Putting them together, you can implement a GraphSAGE convolution for large graph training as follows (the differences to the [small graph counterpart](3_message_passing.ipynb) are highlighted with arrows)

<div class="alert alert-danger">
    
**Question**: do we still suggest users to slice
    
```python
h_dst = h[:g.num_dst_nodes()]
```
    
within the NN module?
    
* If so, we will still need to have an `is_block` flag which is set from `to_block`.  Otherwise the DGL NN module will never know whether it should perform the slicing or not: it can be both a normal bipartite graph (which doesn't require slicing) or something returned by neighbor sampler (which requires slicing).
* If not, then it will break existing code, and lots of examples need to change.  Moreover, doing so for heterogeneous graph is a bit heavy as you will need something like:

  ```python
  h_dst = {ntype: h[:g.num_dst_nodes(ntype)] for ntype in g.ntypes if ntype.endswith('_dst')}
  ```
    
</div>

In [10]:
import torch.nn as nn
import torch.nn.functional as F
import tqdm

class SAGEConv(nn.Module):
    """Graph convolution module used by the GraphSAGE model.
    
    Parameters
    ----------
    in_feat : int
        Input feature size.
    out_feat : int
        Output feature size.
    """
    def __init__(self, in_feat, out_feat):
        super(SAGEConv, self).__init__()
        # A linear submodule for projecting the input and neighbor feature to the output.
        self.linear = nn.Linear(in_feat * 2, out_feat)
    
    def forward(self, g, h):
        """Forward computation
        
        Parameters
        ----------
        g : Graph
            The input bipartite graph.
        h : Tensor
            The input node feature.
        """
        with g.local_scope():
            h_dst = h[:g.num_dst_nodes()]                 # <---
            g.srcdata['h'] = h                            # <---
            # update_all is a message passing API.
            g.update_all(fn.copy_u('h', 'm'), fn.mean('m', 'h_neigh'))
            h_neigh = g.dstdata['h_neigh']
            h_total = torch.cat([h_dst, h_neigh], dim=1)  # <---
            return self.linear(h_total)
        
class Model(nn.Module):
    def __init__(self, in_feats, h_feats, num_classes):
        super(Model, self).__init__()
        self.conv1 = SAGEConv(in_feats, h_feats)
        self.conv2 = SAGEConv(h_feats, num_classes)
    
    def forward(self, bipartites, in_feat):
        h = self.conv1(bipartites[0], in_feat)
        h = F.relu(h)
        h = self.conv2(bipartites[1], h)
        return h
    
sampler = dgl.dataloading.MultiLayerNeighborSampler([4, 4])
train_dataloader = dgl.dataloading.NodeDataLoader(
    graph, train_nids, sampler,
    batch_size=1024,
    shuffle=True,
    drop_last=False,
    num_workers=0
)
model = Model(graph.ndata['feat'].shape[1], 128, dataset.num_classes).cuda()
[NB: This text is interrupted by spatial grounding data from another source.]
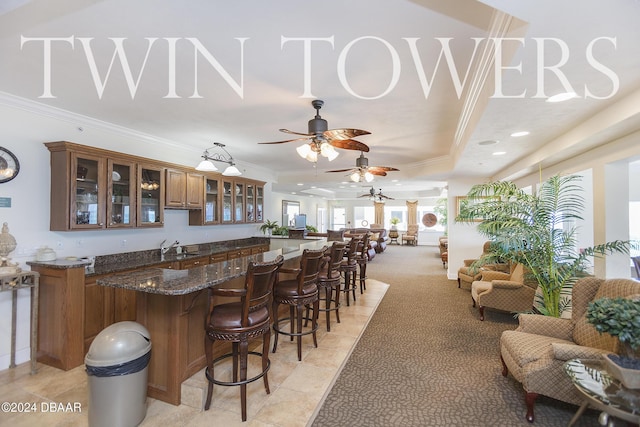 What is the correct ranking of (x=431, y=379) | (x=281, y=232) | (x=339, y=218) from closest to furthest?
(x=431, y=379) < (x=281, y=232) < (x=339, y=218)

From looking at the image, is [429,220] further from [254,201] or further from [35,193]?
[35,193]

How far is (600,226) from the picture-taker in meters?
3.04

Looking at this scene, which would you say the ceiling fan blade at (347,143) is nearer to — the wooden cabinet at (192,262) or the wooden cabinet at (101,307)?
the wooden cabinet at (192,262)

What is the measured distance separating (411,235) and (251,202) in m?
10.0

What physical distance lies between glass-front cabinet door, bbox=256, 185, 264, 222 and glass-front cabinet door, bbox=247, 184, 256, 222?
0.12 metres

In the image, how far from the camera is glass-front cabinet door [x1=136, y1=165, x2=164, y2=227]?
3935 mm

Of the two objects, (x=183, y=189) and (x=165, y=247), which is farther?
(x=183, y=189)

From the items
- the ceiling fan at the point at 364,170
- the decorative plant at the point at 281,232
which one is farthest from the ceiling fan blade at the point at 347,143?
the decorative plant at the point at 281,232

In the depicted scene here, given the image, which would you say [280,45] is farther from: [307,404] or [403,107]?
[307,404]

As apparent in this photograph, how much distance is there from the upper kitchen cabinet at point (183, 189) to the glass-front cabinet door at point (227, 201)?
0.54 m

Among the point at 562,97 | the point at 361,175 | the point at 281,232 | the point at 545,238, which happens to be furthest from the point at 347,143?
the point at 281,232

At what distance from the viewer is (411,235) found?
14227 millimetres

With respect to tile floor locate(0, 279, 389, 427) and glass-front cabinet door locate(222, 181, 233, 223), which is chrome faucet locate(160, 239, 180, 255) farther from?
tile floor locate(0, 279, 389, 427)

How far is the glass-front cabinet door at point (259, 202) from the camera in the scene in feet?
21.1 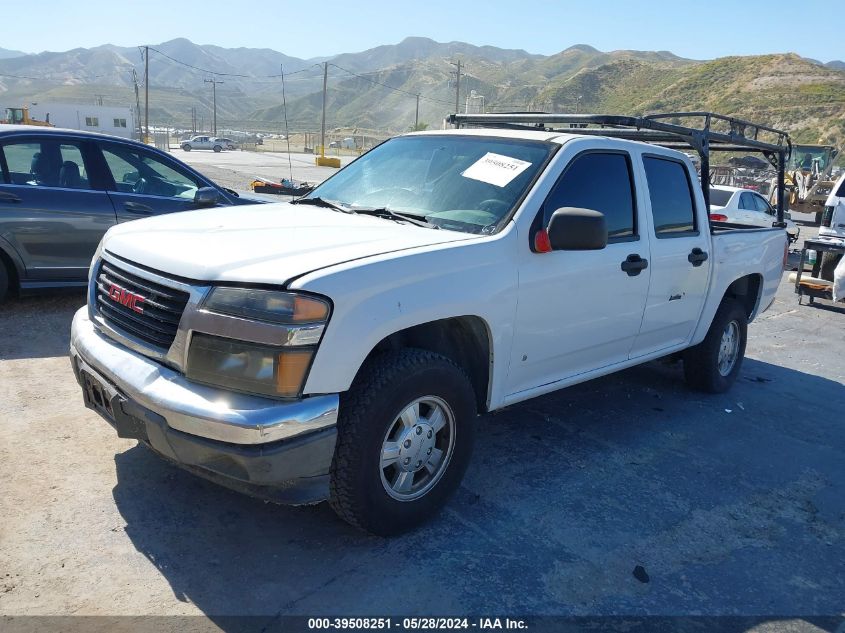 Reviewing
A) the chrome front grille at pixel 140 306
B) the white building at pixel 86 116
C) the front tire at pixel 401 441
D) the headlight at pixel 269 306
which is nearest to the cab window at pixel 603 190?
the front tire at pixel 401 441

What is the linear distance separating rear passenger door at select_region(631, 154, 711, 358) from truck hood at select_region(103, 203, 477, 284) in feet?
5.64

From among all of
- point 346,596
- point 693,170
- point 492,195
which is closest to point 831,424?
point 693,170

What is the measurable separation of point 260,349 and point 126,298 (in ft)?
2.90

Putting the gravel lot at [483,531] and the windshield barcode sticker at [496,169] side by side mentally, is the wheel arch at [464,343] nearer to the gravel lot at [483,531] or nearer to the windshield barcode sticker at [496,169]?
the gravel lot at [483,531]

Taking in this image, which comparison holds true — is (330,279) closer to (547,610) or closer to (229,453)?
(229,453)

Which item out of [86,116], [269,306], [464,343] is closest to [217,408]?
[269,306]

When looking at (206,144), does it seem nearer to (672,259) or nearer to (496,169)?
(672,259)

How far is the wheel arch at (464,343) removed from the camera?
11.1ft

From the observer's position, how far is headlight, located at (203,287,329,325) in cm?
266

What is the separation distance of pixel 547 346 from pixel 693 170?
2.19 metres

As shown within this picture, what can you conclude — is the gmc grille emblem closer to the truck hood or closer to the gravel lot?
the truck hood

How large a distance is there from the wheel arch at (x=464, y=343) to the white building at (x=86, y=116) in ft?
219

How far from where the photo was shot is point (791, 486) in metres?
4.24

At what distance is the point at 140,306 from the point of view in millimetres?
3055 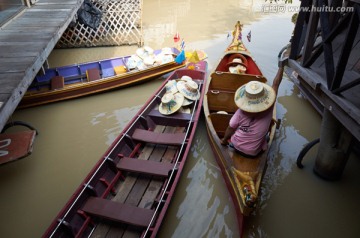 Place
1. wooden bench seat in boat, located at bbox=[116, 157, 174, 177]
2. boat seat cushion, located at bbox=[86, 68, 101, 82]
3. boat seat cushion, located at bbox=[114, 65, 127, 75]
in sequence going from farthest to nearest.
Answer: boat seat cushion, located at bbox=[114, 65, 127, 75], boat seat cushion, located at bbox=[86, 68, 101, 82], wooden bench seat in boat, located at bbox=[116, 157, 174, 177]

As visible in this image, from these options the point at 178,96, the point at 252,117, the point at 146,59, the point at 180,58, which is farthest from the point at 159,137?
the point at 146,59

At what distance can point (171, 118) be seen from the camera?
576 centimetres

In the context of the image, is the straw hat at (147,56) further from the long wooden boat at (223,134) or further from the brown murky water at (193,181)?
the long wooden boat at (223,134)

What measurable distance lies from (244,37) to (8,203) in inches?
390

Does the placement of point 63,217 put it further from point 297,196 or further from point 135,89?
point 135,89

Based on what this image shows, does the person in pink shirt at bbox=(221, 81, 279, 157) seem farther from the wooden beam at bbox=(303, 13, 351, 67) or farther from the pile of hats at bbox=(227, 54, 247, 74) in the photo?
the pile of hats at bbox=(227, 54, 247, 74)

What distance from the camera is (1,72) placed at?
14.6 feet

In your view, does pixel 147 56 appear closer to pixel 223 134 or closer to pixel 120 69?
pixel 120 69

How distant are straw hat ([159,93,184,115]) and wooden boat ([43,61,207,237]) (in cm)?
11

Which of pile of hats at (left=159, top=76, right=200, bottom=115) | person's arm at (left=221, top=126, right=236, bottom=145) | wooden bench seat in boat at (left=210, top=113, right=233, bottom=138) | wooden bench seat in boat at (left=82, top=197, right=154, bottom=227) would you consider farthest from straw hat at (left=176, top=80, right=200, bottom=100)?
wooden bench seat in boat at (left=82, top=197, right=154, bottom=227)

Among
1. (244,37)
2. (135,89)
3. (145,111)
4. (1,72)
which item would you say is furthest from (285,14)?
(1,72)

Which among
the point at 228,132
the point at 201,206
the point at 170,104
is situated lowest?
the point at 201,206

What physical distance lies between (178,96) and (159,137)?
1249 mm

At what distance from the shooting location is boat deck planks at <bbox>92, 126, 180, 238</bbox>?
3768 millimetres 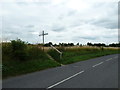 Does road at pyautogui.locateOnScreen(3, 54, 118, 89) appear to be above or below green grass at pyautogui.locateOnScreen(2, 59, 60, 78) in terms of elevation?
below

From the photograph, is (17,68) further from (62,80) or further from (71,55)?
(71,55)

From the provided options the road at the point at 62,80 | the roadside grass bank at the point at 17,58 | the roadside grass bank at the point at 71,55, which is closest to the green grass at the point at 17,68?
the roadside grass bank at the point at 17,58

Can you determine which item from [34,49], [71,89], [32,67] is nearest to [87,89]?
[71,89]

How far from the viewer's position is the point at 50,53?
25000 mm

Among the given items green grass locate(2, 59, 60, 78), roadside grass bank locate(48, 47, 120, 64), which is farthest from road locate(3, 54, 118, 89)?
roadside grass bank locate(48, 47, 120, 64)

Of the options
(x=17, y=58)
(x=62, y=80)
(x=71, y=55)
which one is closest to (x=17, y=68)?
(x=17, y=58)

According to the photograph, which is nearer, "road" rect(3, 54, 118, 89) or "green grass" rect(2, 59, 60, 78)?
"road" rect(3, 54, 118, 89)

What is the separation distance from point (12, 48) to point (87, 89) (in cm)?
957

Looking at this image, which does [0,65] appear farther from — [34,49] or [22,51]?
[34,49]

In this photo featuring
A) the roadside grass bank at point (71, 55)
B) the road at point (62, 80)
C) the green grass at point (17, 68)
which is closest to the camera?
the road at point (62, 80)

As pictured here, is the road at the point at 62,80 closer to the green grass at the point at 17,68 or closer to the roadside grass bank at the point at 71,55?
the green grass at the point at 17,68

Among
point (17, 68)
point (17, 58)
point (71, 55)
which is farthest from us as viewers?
point (71, 55)

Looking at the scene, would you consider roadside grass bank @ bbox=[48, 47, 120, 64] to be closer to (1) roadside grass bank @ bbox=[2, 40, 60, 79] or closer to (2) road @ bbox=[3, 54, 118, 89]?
(1) roadside grass bank @ bbox=[2, 40, 60, 79]

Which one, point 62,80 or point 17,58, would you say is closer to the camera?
point 62,80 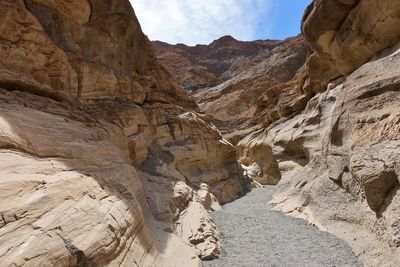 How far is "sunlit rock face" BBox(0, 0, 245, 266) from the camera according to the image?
477 cm

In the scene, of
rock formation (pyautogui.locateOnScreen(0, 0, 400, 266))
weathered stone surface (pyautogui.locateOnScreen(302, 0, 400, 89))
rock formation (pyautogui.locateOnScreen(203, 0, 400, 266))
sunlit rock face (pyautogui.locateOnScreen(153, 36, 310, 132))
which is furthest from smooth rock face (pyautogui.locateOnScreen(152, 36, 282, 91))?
rock formation (pyautogui.locateOnScreen(0, 0, 400, 266))

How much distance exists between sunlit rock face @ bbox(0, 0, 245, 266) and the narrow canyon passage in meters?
0.73

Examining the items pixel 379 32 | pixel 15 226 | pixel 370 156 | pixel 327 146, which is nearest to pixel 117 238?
pixel 15 226

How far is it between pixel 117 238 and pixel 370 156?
23.1 ft

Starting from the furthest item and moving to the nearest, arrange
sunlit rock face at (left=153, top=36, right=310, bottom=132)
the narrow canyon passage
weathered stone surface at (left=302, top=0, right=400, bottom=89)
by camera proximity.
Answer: sunlit rock face at (left=153, top=36, right=310, bottom=132)
weathered stone surface at (left=302, top=0, right=400, bottom=89)
the narrow canyon passage

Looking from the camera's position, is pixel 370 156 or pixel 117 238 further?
pixel 370 156

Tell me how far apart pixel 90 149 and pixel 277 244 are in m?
6.28

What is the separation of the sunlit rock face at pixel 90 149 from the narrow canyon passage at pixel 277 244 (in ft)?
2.41

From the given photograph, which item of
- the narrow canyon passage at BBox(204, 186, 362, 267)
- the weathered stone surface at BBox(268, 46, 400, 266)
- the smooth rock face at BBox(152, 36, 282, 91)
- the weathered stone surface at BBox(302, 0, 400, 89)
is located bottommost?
the narrow canyon passage at BBox(204, 186, 362, 267)

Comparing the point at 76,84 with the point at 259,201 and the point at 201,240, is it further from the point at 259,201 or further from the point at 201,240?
the point at 259,201

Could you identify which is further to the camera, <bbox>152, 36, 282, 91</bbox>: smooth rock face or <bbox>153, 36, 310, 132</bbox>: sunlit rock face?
<bbox>152, 36, 282, 91</bbox>: smooth rock face

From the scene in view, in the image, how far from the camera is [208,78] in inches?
2830

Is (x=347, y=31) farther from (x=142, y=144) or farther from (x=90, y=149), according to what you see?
(x=90, y=149)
with tqdm.tqdm(train_dataloader) as tq:
    for step, (input_nodes, output_nodes, bipartites) in enumerate(tq):
        bipartites = [b.to(torch.device('cuda')) for b in bipartites]
        inputs = node_features[input_nodes].cuda()
        labels = node_labels[output_nodes].cuda()
        predictions = model(bipartites, inputs)

100%|██████████| 193/193 [00:07<00:00, 24.59it/s]


Both `update_all` and the functions in `nn.functional` namespace support bipartite graphs, so you can migrate the code working for small graphs to large graph training with minimal changes introduced above.